Seit er vor neun Jahren zum ZDF-Ensemble stieß, hat er seine Fragetechnik perfektioniert: Die rhetorisch geschulten Minister und Abgeordneten fängt er auf dem Parkplatz oder dem Weg zur Kantine ab, um die Überraschung auf seiner Seite zu haben. Mit FDP-Mann Wolfgang Kubicki oder Claudia Roth von den Grünen hat er mittlerweile ein beinahe freundschaftliches Verhältnis. Den ehemaligen Außenminister Klaus Kinkel hingegen hat van der Horst so gegen sich aufgebracht, dass der ihm mit juristischen Konsequenzen drohte.

Er hat der „heute“-Show viel zu verdanken, aber er will mehr – eine eigene große Sendung. Sogar eine Neuauflage von „Wetten dass..?“ würde er sich zutrauen, sagt er. Was treibt ihn an?

Einschreibung für Studienfächer Germanistik und Anglistik

So unbedarft van der Horst in seiner Reporterrolle auch wirkt, dahinter steckt ein Mensch mit klaren Zielen. „Ich wollte schon als Kind Moderator werden. In meinem Kinderzimmer habe ich meinen Eltern und meinem Bruder etwas vormoderiert“, erzählt der gebürtige Kölner. „Ich habe mir immer meine eigenen Shows ausgedacht. Eine hieß ‚Quatsch mit Soße‘. An das Konzept kann ich mich nicht mehr erinnern, aber der Titel war toll.“

An seinem Traum hielt er auch fest, als er sich nach der Schulzeit für die Studienfächer Germanistik und Anglistik einschrieb. „Mein Studium war eine Verzweiflungstat“, schildert er. „Ich wollte meinen Eltern signalisieren, dass sie sich keine Sorgen machen müssen. Dass ich etwas Vernünftiges mache.“

Stefan Raab erfüllte ihm den Traum

Doch statt an seinem Abschluss zu arbeiten, heuerte er als Autor bei der Produktionsfirma Brainpool an und wurde so von Stefan Raab entdeckt, der ihn 2001 erstmals bei „TV Total“ auftreten ließ. Van der Horst musste ein rosa Kostüm anziehen und als sogenannter Blasehase Passanten veralbern. Andere hätten das peinlich gefunden, doch er erkannte seine Chance: Endlich wurde der Traum vom Fernsehen wahr.

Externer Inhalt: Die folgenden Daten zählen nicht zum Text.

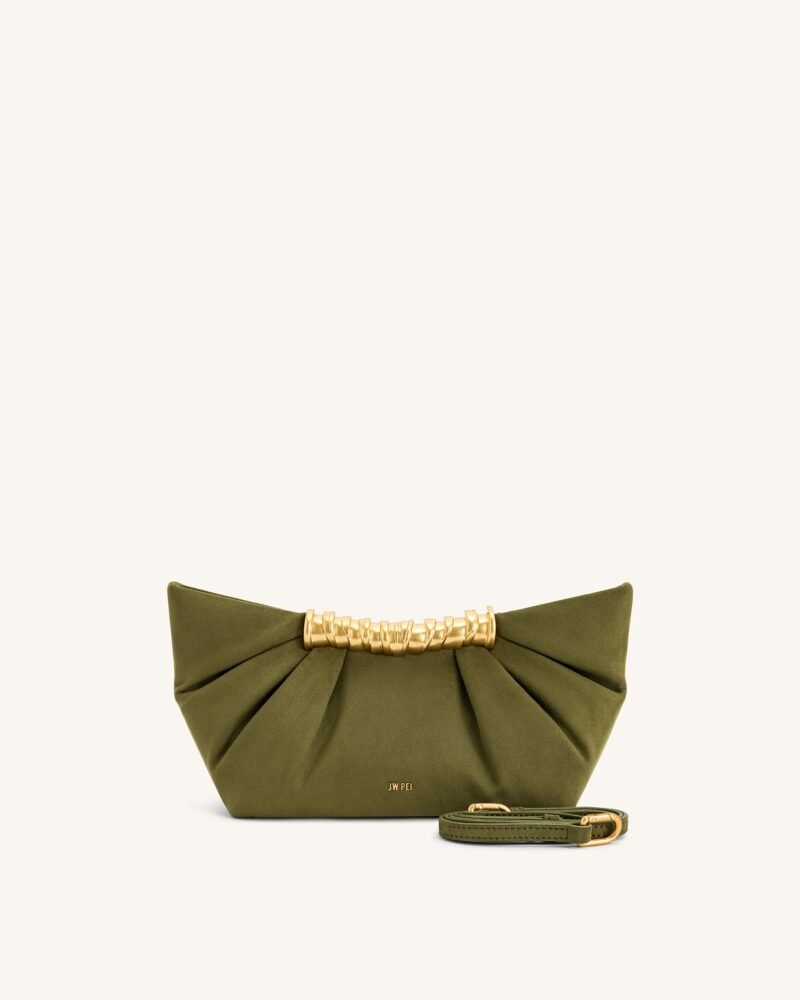 Leia Pleated Clutch - Dark Olive - Image 1
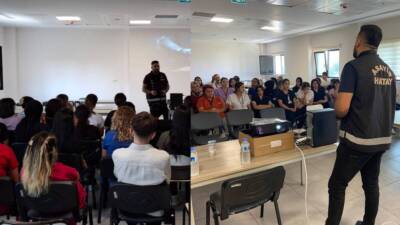 Hatay Emniyet Müdürlüğü, Arsuz Devlet Hastanesi’nde düzenlediği seminerle dolandırıcılık konusunda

Seit 17 Jahren tritt er in Shows auf, aber über sein Privatleben gibt er wenig preis. Das hat er mit seinem Entdecker Raab gemeinsam, der ebenfalls darauf bedacht ist, wenig von sich zu erzählen. Er sei schüchtern, sagt van der Horst. „Sobald die Kamera eingeschaltet ist, bin ich mutiger.“ Insofern habe „die Kamera eine Therapiefunktion für mich. In meinem Freundeskreis bin ich nicht der Lauteste. Da bin ich froh, wenn die anderen was sagen.“ Vielleicht hätte sich mit einem Germanistik-Studium sogar ein Beruf für ihn gefunden, der besser zu seiner Schüchternheit passt. Aber der Kindheitstraum war offenbar einfach stärker.